No relation to Happy Monkey
I saw at a local junk shop around 10 years ago a fiber tap. It is a clamp the holds the fiber and bends the fiber at the same time with a pickup. The pickup just looks at the leaked light at the bend.
This actually isn't true..
From :
"Richard Weingroff, information liaison specialist for the Federal Highway Administration's Office of Infrastructure and the FHA's unofficial historian, says the closest any of this came to touching base with reality was in 1944, when Congress briefly considered the possibility of including funding for emergency landing strips in the Federal Highway-Aid Act (the law that authorized designation of a "National System of Interstate Highways"). At no point was the idea kited of using highways or other roads to land planes on; the proposed landing strips would have been built alongside major highways, with the highways serving to handle ground transportation access to and from these strips. The proposal was quickly dropped, and no more was ever heard of it.
Some references to the one-mile-in-five assertion claim it's part of the Federal-Aid Highway Act of 1956. This piece of legislation committed the federal government to build what became the 42,800-mile Eisenhower Interstate Highway System, which makes it the logical item to cite concerning regulations about how the interstate highway system was to be laid out. The act did not, however, contain any "one-in-five" requirement, nor did it even suggest the use of stretches of the interstate system as emergency landing strips. The one-out-of-five rule was not part of any later legislation either. "
Free Mac Mini
If it's on fiber, they already have it! Do a little research into Echelon. Just one example, apparently our friend the Brits have detoured almost every piece of fiber over ther through a US NSA facility.

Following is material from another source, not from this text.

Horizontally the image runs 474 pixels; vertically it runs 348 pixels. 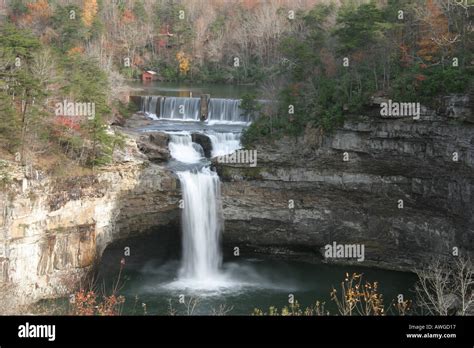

I'm an American. I love this country and the freedoms that we used to have.
I worked for two different fiber optics equipment companies (although a large part of the second company had worked for the first previously).
One of the problems I see is that once the optical signal is inside the network, it's encoded in a special manner, diffferent for each equipment (to improve performance, add more error checking, force the carrier to continue to buy from the same vendor). So you can't just listen to it the same way as a phone line. What's in the fiber under the ocean is not as standard as what's on a copper line.
Also, how are you supposed to interpret it? Given a single wavelenght ans OC-192 speeds, it's 10Gb/s (bit, not byte). If you multiply by the maximum number of wavelengths that a fiber can carry (~160), you get 1600Gb/s. It begins to be a bit too much for the kind of computer that we can buy, although the NSA can probably afford it. But then, would they put it on a sub? Or relay the raw information to a ground station?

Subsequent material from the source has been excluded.